Una pratica dal sapore democristiano.
«La gente ha bisogno di confrontarsi. E poi dipende dall’argomento delle visite. Io non accetto curriculum buttati sul tavolo. Vengono persone con problemi di salute. Roba importante. Sanno che io non sono uno da raccomandazioni».
A proposito, Berlusconi, intercettato…
«Ma sa quante telefonate e segnalazioni riceve un amministratore?».
Il lodo Schifani…
«Ne ho parlato ieri con alcuni contadini alla festa della trebbiatura. Mi hanno detto: “Di Pietro ghe va in mona, abbiamo i numeri, ’ndemo avanti”. Della serie: il Paese ha altre priorità, e se si va in guerra non si fanno prigionieri».
La Lega ha sempre fatto della legalità una priorità. Ricorda il suo collega leghista Luca Leoni Orsenigo?
«No, che cosa fece?».
Nel 1993 sventolò un cappio nell’Aula della Camera, per protestare contro la corruzione.
«Mi pare che parliamo di reati di diversa gravità».
Nel caso del cosiddetto processo Mills il reato che i pm contestano al premier è di concorso in corruzione in atti giudiziari.
«Guardi. Chi è accusato di certi reati deve essere processato. Ma vista la sovraesposizione di certe cariche istituzionali, alcuni procedimenti possono essere rimandati».
Sembra un po’ una difesa da buon alleato. Lei è mai stato indagato?
«Come ogni buon leghista ho ricevuto il mio avviso di garanzia per un blocco stradale: una protesta per le quote latte. Un argomento di cui mi occuperò anche da ministro».
Zaia in rapida ascesa: in pochi anni da assessore provinciale a ministro. Nel 2010, in Veneto si vota per le Regionali. Sarà lei il candidato della Lega?
«Io sono a disposizione di Bossi. Se lui mi chiama… Però una cosa è certa».
Quale?
«Il prossimo presidente del Veneto sarà leghista».
E il prossimo leader della Lega? Nel Carroccio non discutete mai di questo argomento.
«Perché non è un argomento in discussione».
Lei ha un clan di amici?
«Gli stessi da sempre: Giovanni che fa il contadino.
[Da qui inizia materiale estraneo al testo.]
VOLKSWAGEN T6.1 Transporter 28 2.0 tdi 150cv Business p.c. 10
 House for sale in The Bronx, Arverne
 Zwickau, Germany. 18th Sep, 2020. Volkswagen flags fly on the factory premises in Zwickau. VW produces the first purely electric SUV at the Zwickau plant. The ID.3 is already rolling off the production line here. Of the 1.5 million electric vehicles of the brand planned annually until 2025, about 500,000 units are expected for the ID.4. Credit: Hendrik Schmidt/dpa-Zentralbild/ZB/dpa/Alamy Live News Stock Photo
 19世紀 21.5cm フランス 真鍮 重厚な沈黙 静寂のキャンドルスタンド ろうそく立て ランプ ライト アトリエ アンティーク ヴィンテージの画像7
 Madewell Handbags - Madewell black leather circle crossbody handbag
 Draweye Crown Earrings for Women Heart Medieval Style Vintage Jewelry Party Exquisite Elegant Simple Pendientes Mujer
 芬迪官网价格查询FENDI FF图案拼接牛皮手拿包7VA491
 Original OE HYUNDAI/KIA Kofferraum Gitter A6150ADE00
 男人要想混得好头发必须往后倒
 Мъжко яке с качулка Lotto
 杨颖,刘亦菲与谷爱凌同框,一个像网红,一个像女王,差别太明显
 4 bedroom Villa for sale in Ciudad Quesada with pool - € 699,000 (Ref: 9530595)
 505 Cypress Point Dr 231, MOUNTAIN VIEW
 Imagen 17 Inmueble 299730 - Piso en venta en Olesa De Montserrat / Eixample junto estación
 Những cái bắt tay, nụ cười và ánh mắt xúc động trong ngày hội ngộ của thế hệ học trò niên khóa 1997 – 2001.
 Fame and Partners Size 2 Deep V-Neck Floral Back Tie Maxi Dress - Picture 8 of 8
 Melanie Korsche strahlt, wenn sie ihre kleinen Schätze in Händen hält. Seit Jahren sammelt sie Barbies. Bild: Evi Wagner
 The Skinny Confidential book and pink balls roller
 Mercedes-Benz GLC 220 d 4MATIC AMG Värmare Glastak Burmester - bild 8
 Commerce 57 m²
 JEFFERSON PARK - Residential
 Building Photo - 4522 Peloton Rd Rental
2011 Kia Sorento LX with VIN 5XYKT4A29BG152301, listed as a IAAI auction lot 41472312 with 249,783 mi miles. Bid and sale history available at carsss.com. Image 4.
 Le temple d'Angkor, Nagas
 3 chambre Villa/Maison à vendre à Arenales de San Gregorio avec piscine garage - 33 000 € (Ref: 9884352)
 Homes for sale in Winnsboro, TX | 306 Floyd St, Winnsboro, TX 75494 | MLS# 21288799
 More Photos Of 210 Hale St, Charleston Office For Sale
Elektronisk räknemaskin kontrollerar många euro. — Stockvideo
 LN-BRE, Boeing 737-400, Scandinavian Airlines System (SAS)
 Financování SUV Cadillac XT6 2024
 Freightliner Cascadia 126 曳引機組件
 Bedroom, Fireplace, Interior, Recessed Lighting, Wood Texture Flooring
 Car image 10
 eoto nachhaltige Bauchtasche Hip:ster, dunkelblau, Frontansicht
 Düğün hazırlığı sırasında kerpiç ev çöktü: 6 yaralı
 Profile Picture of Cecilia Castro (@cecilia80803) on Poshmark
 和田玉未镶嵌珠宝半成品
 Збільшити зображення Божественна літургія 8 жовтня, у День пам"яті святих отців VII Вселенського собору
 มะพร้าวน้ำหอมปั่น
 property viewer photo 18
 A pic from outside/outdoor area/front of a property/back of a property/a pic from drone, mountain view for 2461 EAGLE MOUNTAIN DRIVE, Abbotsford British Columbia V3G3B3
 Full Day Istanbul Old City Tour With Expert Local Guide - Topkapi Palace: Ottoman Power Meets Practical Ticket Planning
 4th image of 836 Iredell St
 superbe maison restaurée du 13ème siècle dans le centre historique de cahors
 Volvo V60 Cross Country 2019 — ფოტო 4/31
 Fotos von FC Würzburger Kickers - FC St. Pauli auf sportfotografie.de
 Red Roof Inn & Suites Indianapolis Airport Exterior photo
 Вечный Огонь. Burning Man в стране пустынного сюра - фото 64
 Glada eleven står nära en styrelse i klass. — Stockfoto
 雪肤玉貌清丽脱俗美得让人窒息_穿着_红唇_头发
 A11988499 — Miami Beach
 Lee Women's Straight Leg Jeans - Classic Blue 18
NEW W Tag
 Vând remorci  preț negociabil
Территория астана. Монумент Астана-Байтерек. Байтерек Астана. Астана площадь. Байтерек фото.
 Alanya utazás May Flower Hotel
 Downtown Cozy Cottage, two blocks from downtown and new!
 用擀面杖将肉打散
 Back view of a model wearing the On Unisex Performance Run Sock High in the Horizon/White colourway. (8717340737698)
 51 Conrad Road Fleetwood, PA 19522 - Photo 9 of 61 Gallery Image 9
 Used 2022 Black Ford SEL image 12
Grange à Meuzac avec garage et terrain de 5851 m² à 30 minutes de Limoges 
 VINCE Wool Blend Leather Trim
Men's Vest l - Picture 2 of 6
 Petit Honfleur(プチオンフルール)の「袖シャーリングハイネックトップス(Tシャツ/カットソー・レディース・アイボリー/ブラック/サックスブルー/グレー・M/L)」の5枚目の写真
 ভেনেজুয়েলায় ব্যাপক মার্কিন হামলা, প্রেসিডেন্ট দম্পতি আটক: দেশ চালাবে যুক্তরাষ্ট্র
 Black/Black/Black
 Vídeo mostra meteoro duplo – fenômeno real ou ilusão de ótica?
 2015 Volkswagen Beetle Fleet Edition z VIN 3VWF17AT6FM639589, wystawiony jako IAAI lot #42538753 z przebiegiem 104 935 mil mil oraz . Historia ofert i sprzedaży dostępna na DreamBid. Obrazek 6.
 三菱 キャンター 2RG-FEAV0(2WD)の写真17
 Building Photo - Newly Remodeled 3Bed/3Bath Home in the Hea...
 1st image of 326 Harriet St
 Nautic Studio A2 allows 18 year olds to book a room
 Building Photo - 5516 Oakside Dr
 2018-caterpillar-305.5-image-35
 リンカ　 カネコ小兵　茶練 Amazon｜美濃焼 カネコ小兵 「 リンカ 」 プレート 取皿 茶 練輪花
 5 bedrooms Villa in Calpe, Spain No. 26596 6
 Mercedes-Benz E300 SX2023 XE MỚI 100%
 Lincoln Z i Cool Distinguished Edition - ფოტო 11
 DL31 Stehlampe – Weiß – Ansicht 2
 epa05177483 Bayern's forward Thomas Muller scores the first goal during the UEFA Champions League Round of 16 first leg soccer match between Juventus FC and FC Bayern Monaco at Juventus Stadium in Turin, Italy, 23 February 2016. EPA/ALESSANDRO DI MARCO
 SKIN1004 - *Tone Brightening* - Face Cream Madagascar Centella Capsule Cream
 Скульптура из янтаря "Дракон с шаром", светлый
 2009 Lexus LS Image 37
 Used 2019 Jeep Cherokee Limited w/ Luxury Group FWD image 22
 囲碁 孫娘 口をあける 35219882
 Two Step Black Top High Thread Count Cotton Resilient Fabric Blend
Paolo che è medico».
A cena col nemico?
«Carlo Petrini, di Slowfood. So che è di sinistra. Ma d’istinto sento che c’è qualcosa che ci accomuna».
A tavola con Veltroni o con Napolitano?
«Con Napolitano!».
Una volta ha sussurrato al presidente della Repubblica: «Si ricordi che il Nord ne ha le palle piene».
«Credo di averlo detto a Ciampi».
Lei ha anche fischiato l’Inno nazionale.
«Era un periodo in cui c’era troppa retorica sull’Inno. E il troppo stroppia».
Anche i commenti grevi di Bossi sul Tricolore stroppiavano.
«Ma lei pensa che se Roma ci concedesse un federalismo vero…».
A Roma la Lega ci sta da 15 anni. E ora governa.
«E infatti… quando ci sarà il federalismo non credo che avremo problemi con l’Inno o col Tricolore. Pensi agli Stati Uniti federali…».
Negli Usa: Barack Obama o John McCain?
«McCain. C’è bisogno di uno con le palle».
Cultura generale. Immagino che lei sappia quanto costa un litro di latte.
«Certo, un euro e trenta».
I confini dell’Afghanistan?
«Ci provo… Iraq…».
No.
«Pakistan, Iran e… boh».
Che cosa è un podcast?
«Un pod… ché?».
È un file scaricato da Internet.
«Sono poco tecnologico. Mi sono rotto di perdere tempo a studiare manualetti di istruzione».
L’articolo 5 della Costituzione?
«Mi aiuti».
La Repubblica, una e indivisibile…
«…ah sì, riconosce e promuove le autonomie locali».
La canzone della vita?
«Il Romeo e Giulietta di Ciaikovskij».
Il film?
«Non vorrei sembrare troppo paraculo, ma direi… L’albero degli zoccoli».
Il film di Olmi: contadinesco e in dialetto padano.
«Andrebbe studiato».
Il libro?
«Le memorie di Adriano».
Le è proprio rimasto impresso, eh?
«Le faccio un’altra citazione: “Il vero luogo natio è dove l’uomo pone lo sguardo per la prima volta su se stesso”. Ultra-leghista no?».
E se è un extracomunitario a porre in Italia il primo sguardo su se stesso?
«L’importante è che aspetti dieci anni per diventare cittadino».

Categorie : interviste
Commenti
lia 24 aprile 2012

Dopo quasi 4 anni, rileggere questa intervista mi fa stare bene pensare che Zaia sia il governatore della mia regione.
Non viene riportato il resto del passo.